October 20, 2020

HOME AND WEALTH . . . Keep your home costs under control.

These days, most people are trying to control their expenses a little more tightly. Often they don’t realize how much they’re paying to live in their homes. So let’s take a look at that home budget and see if we can’t do a better job of staying on top of the costs. 

1. Your largest expense is probably your mortgage. These days mortgage rates are historically low, so you might be able to refinance and lower your monthly payment.   Contact me for a referral to a QUALITY lender who will let you know if this makes sense.

2. Another major expense is likely to be your homeowner’s insurance. Check in with your agent once a year to see if you’re getting the right coverage at the best price. 

3. Next look at your real estate taxes. The higher the assessed value of your property, the higher your real estate taxes.  So the next time you receive your King County notice of assessed value, contact me to help with your homework.  I will provide you with values of comparable homes in your neighborhood.

4. Recurring monthly expenses: 

  • If you pay for public water, public sewer  or a homeowners’ association, those are probably fixed expenses you can’t cut. 
  • But if you pay for private trash collection, snow removal, lawn and gardening services, periodically look around for cheaper rates.
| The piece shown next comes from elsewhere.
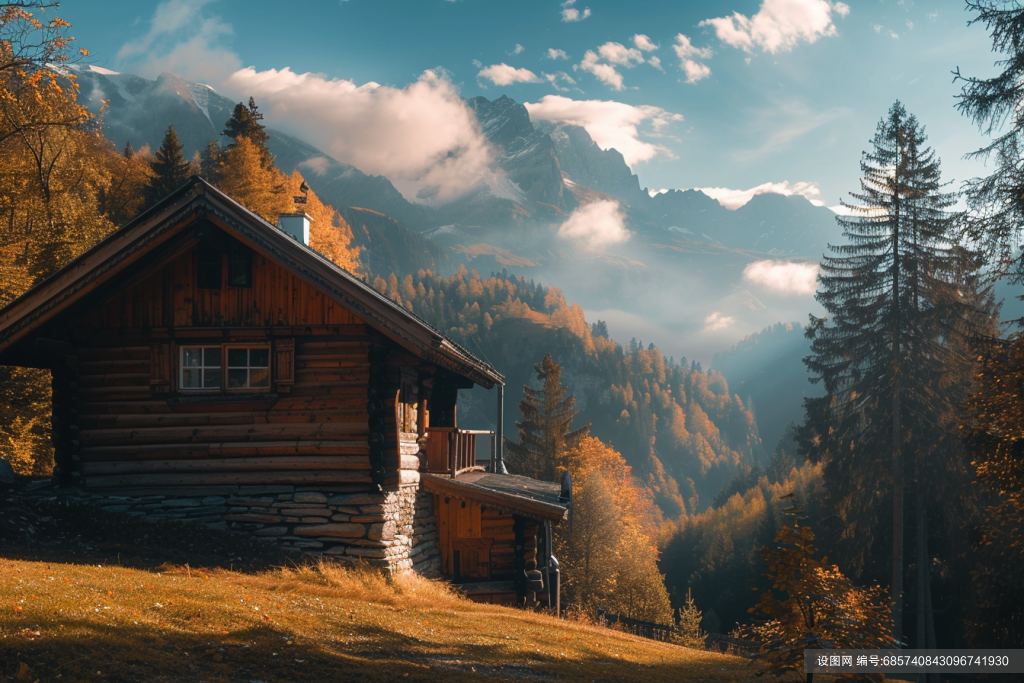 高山的小木屋自然风景摄影图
Even if  you’re happy with your current supplier, this information could help you get a better deal.
  • Phone, internet and cable TV services should be reviewed at least once a year to see if competitors offer better prices.
  • Energy costs. Oil companies should be reviewed once a year, before heating season begins. And if you think oil may be going up, pick a supplier who will lock in the price. In a growing number of areas, you can also find competing electric companies. Find out who has the best deal. If you heat and air condition with gas, ask your local gas company about special offers.

5. Maintenance and repairs. It is always cheaper to fix a problem as soon as it comes up, rather than letting it go. It costs very little to re-caulk around a bathtub, but if you ignore it, you could wind up replacing a wall. Put aside $500 to $1,000 a year to take care of minor repairs and maintenance.

6. Major improvements. If you have you heart set on updating a kitchen or bath, installing a deck, or even putting on a new addition, get a rough cost estimate and decide how many months from now you’d like to start. Divide the cost by the months and begin putting money away for it each month.

Your home is your biggest investment. But with a little effort you can make your home costs smaller.